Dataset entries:
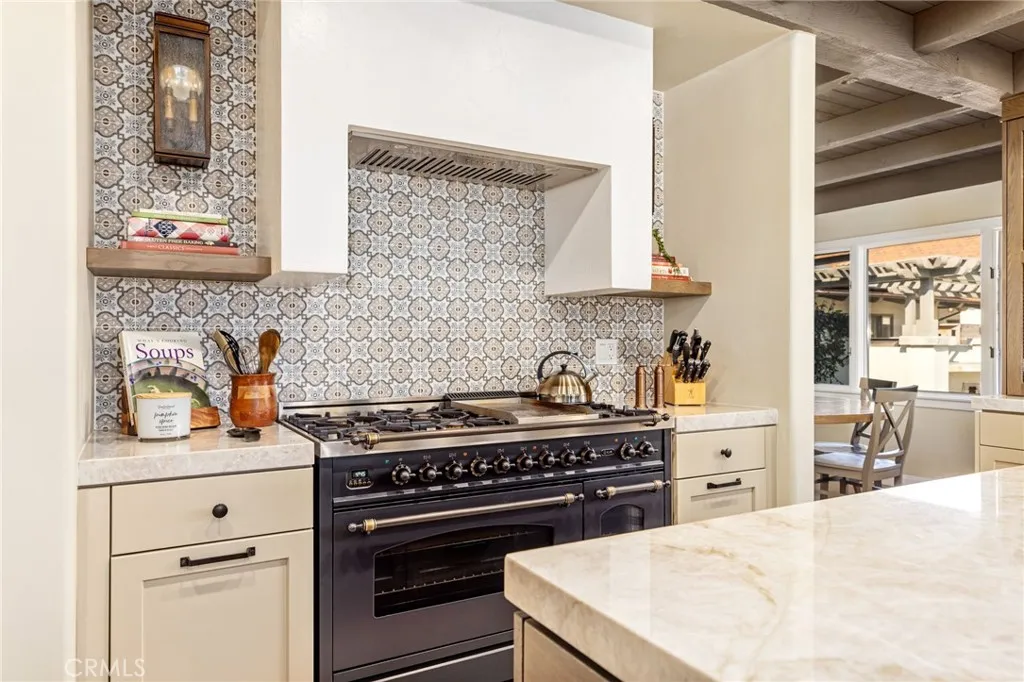 https://cdn.realtyfeed.com/cdn/127/306530462/5c0d65150f28d883d3613048548e7cd2.webp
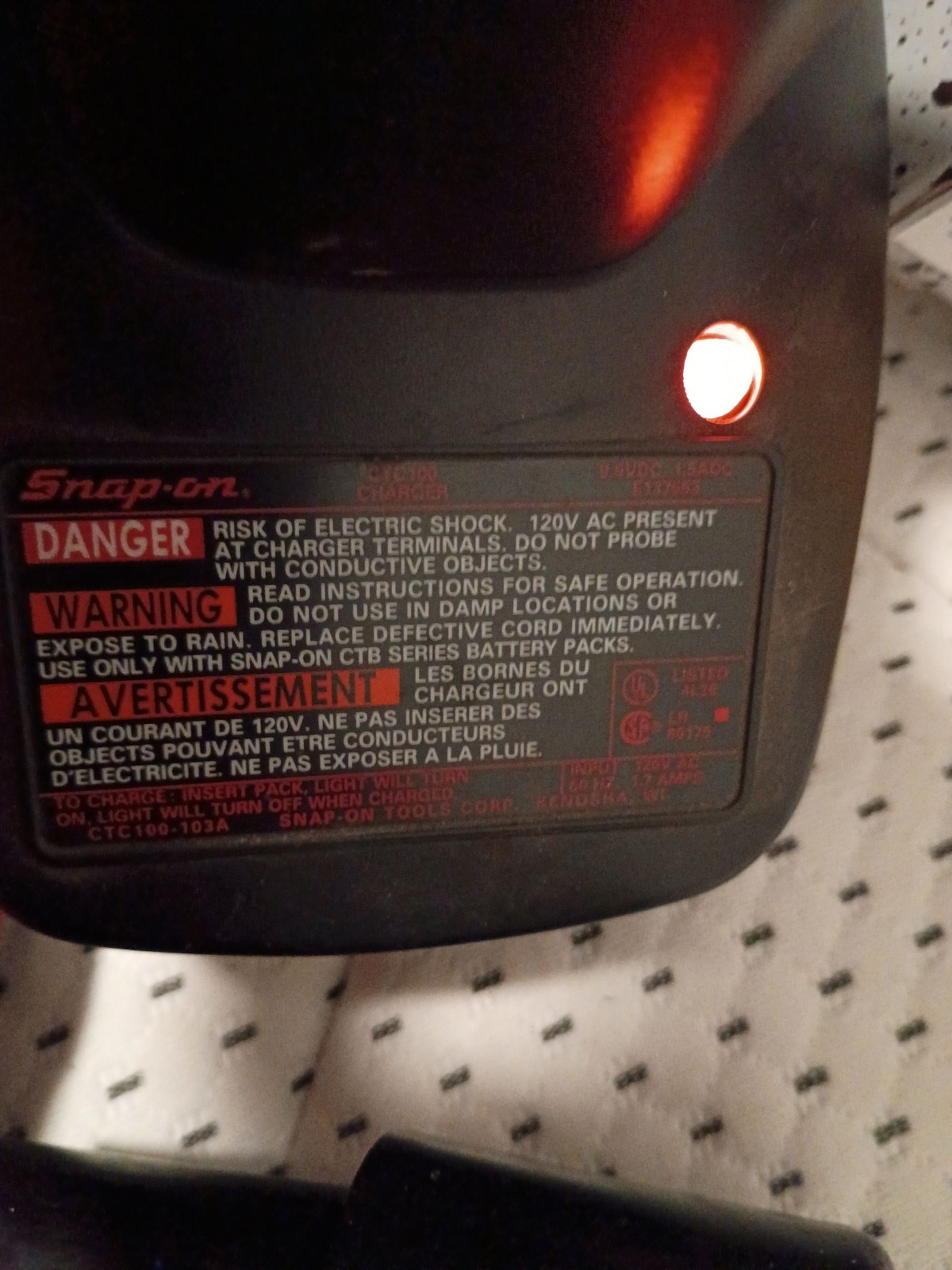 Snap-on 18V Battery Charger with Two 18V Batteries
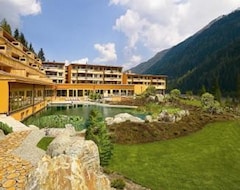 Khách sạn Arosea Life Balance Hotel (Ulten, Ý)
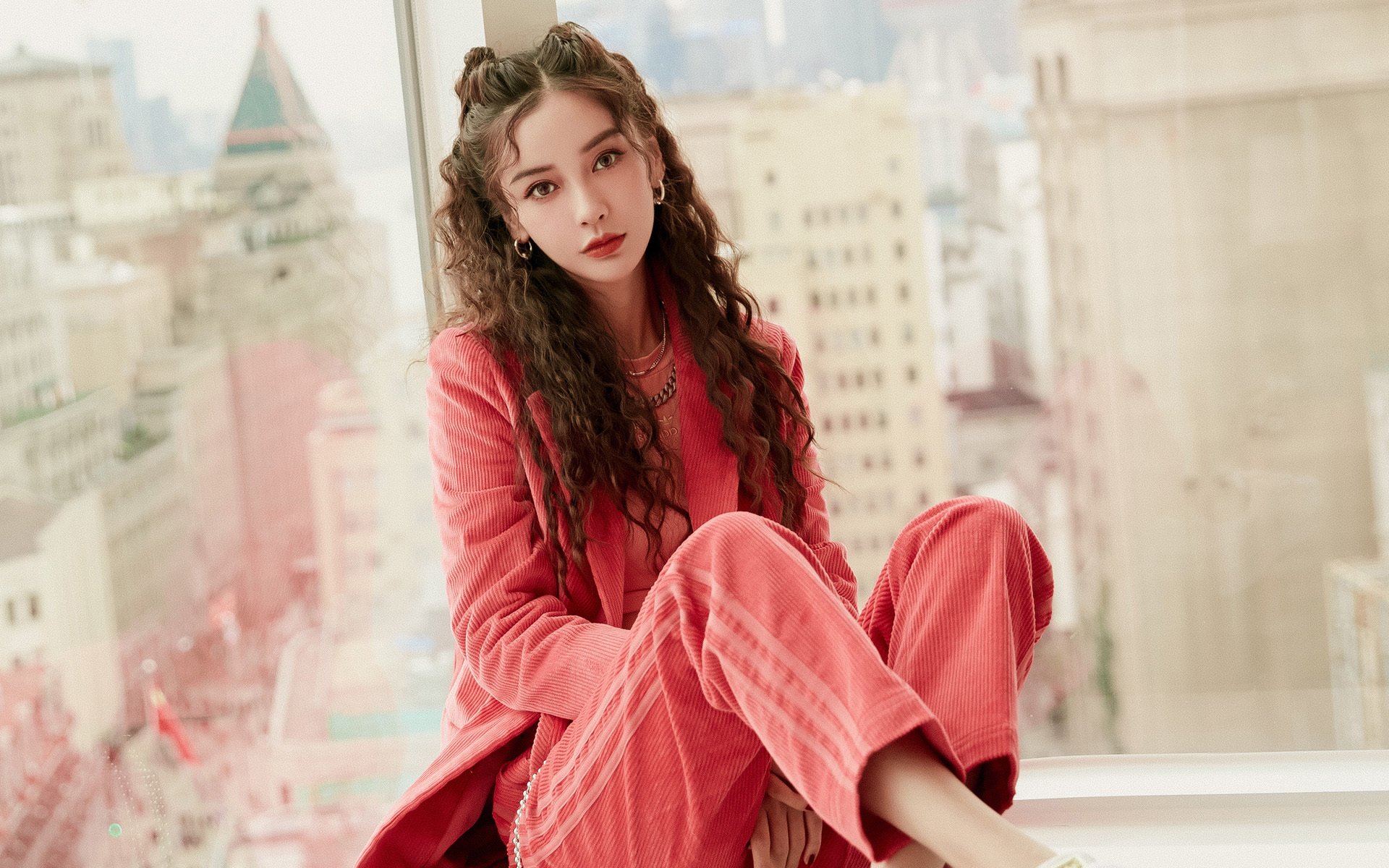 “未来赛车：新能源动力带来的速度革命”，未来能源汽车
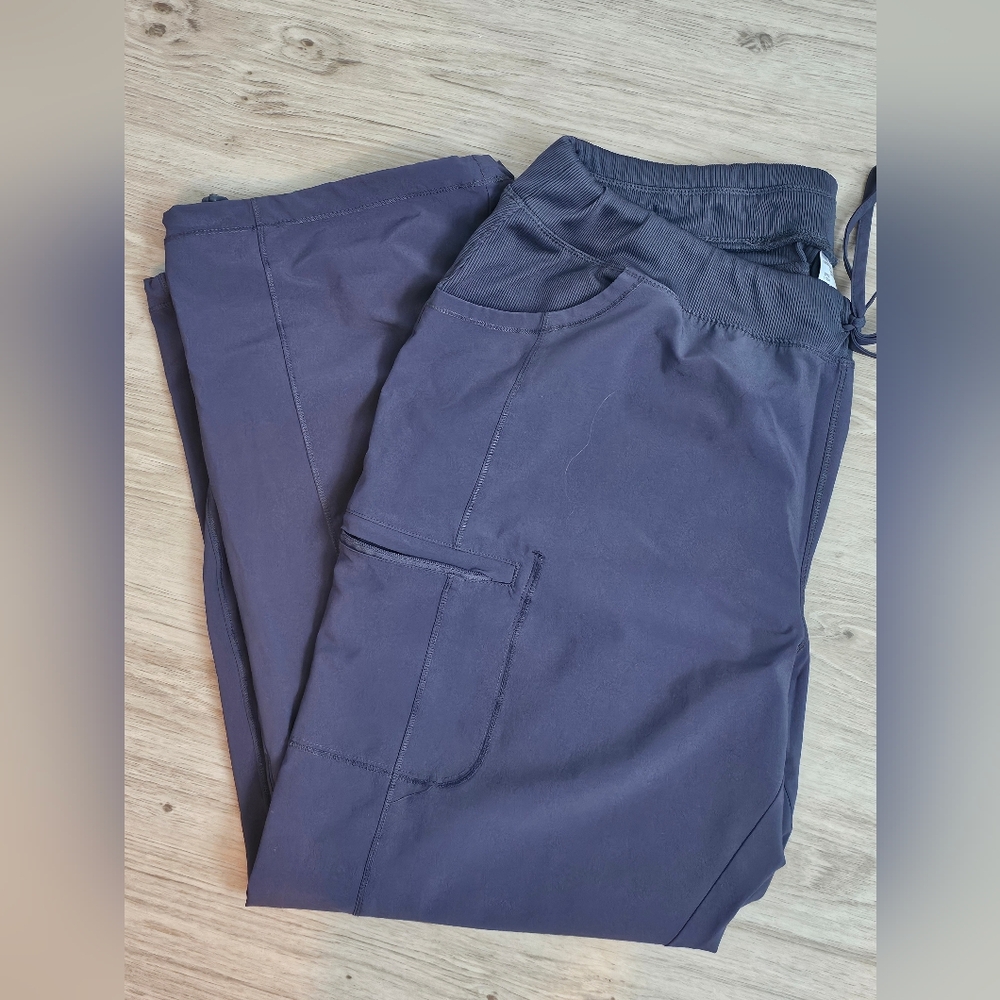 ** Sold***Womens Dark Gray Scrub Pants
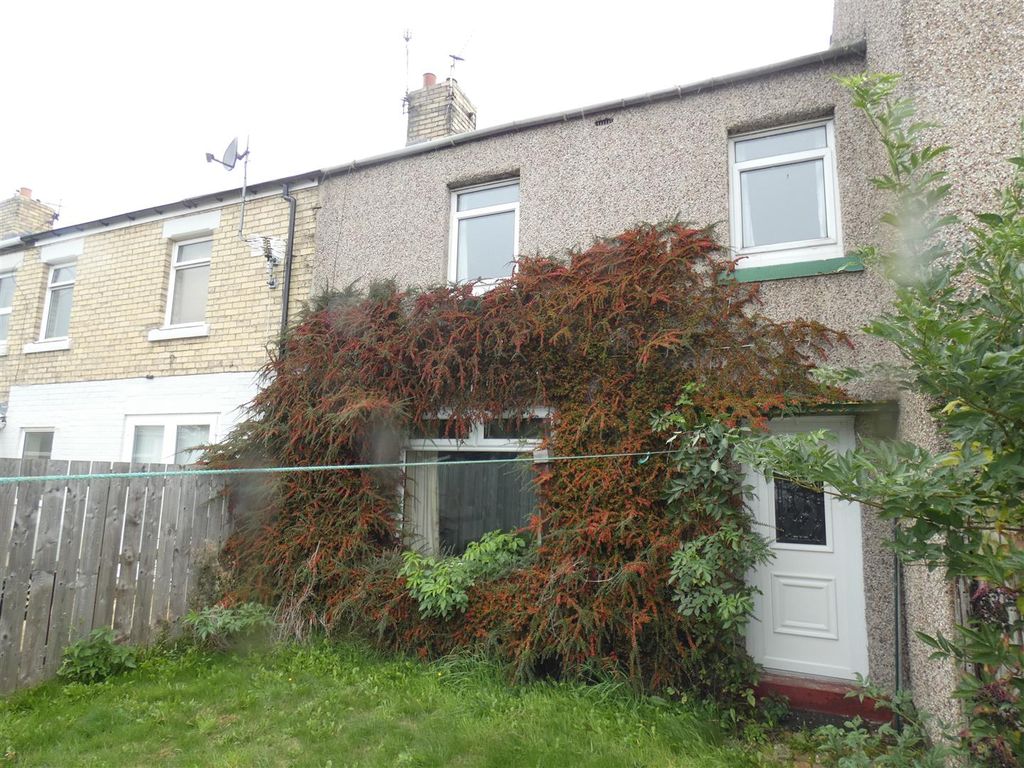 3 bed terraced house for sale in West View, Seghill, Cramlington NE23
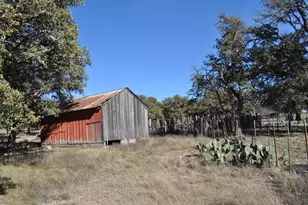 371 Kimble Oaks Dr, Harper, TX 78631 - Photo 11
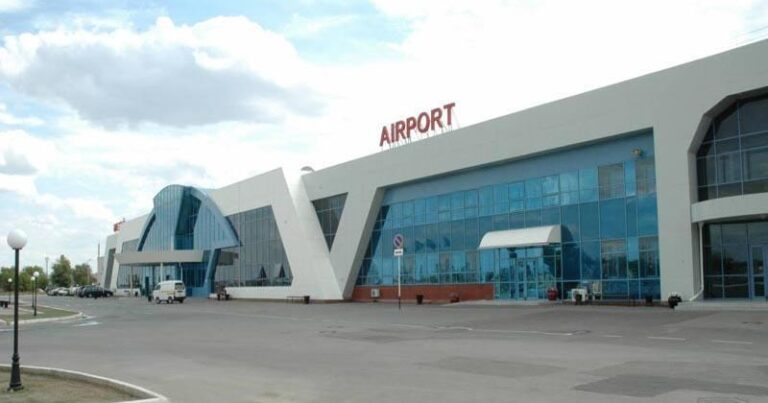 Aktobe hava limanı işini bərpa etdi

* _TASK_
Return each record above as it stands. Pictures stay out.

* _RESPONSE TO THE TASK_
 https://cdn.realtyfeed.com/cdn/127/306530462/5c0d65150f28d883d3613048548e7cd2.webp
 Snap-on 18V Battery Charger with Two 18V Batteries
 Khách sạn Arosea Life Balance Hotel (Ulten, Ý)
 “未来赛车：新能源动力带来的速度革命”，未来能源汽车
 ** Sold***Womens Dark Gray Scrub Pants
 3 bed terraced house for sale in West View, Seghill, Cramlington NE23
 371 Kimble Oaks Dr, Harper, TX 78631 - Photo 11
 Aktobe hava limanı işini bərpa etdi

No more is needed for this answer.